#### The task:
Copy each line below in which the string "Regular" occurs.

Caption-style text data:
☆ ☆ ☆

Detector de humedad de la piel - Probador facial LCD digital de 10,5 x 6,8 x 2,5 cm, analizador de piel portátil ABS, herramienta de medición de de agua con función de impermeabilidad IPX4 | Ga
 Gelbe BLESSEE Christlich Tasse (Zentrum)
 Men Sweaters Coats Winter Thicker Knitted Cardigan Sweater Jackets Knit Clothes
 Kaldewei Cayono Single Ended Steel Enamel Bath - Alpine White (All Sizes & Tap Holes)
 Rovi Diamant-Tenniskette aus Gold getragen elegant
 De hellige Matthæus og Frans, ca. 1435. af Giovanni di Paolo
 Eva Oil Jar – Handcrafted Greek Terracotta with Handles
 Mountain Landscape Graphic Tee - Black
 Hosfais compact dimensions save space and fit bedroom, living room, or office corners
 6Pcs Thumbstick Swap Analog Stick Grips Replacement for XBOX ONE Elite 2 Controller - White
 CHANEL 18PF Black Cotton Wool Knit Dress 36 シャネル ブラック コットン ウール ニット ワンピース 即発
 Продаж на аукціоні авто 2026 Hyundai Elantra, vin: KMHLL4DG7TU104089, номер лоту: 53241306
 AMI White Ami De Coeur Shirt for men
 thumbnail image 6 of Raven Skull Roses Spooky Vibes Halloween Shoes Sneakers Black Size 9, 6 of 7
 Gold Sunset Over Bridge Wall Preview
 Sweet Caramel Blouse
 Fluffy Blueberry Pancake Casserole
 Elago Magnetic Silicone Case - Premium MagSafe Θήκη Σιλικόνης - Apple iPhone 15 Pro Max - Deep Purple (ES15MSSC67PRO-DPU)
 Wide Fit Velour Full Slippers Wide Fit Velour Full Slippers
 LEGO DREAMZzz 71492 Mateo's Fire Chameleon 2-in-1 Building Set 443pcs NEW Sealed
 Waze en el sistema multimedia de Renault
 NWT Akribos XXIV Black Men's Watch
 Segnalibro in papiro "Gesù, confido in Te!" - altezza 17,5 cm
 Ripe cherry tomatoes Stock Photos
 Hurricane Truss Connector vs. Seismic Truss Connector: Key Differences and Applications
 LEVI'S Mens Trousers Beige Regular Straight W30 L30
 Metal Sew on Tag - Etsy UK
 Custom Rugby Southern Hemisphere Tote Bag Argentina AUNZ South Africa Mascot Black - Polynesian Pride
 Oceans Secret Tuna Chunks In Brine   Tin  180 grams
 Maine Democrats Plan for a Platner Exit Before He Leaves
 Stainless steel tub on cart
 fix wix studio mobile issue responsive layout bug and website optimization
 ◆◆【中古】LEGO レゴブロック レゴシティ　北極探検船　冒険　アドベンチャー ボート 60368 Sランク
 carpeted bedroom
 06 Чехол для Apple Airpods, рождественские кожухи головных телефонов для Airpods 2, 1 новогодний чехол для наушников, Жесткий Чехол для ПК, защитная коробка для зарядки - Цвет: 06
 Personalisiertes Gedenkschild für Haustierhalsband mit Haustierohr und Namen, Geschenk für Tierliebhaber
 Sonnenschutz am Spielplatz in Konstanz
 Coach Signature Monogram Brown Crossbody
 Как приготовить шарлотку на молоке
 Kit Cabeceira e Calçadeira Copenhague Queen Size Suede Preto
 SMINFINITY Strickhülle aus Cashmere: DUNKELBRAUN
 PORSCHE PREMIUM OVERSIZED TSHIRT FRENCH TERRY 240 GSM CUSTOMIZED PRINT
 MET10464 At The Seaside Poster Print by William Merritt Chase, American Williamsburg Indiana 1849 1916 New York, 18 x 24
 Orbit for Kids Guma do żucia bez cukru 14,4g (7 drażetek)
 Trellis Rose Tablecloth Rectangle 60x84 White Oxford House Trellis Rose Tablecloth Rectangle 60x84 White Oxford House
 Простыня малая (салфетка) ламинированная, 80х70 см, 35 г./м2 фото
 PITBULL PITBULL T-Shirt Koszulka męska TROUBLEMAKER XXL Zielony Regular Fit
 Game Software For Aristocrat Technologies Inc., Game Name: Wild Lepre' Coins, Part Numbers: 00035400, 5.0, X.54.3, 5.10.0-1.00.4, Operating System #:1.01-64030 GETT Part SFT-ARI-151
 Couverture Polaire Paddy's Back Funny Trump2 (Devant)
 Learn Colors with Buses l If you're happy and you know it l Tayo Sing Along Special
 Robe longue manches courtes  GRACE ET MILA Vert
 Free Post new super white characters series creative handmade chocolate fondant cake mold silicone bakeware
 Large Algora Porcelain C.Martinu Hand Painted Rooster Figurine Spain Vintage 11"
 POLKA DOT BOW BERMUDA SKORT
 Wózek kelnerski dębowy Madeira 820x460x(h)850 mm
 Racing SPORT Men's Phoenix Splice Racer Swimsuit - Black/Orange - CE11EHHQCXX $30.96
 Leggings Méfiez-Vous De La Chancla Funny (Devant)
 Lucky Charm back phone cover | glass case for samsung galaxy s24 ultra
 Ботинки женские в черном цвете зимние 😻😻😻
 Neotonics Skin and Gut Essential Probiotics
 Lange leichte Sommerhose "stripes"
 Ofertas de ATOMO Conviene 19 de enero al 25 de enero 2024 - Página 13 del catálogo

☆ ☆ ☆

#### Output of the exercise:
 LEVI'S Mens Trousers Beige Regular Straight W30 L30
 PITBULL PITBULL T-Shirt Koszulka męska TROUBLEMAKER XXL Zielony Regular Fit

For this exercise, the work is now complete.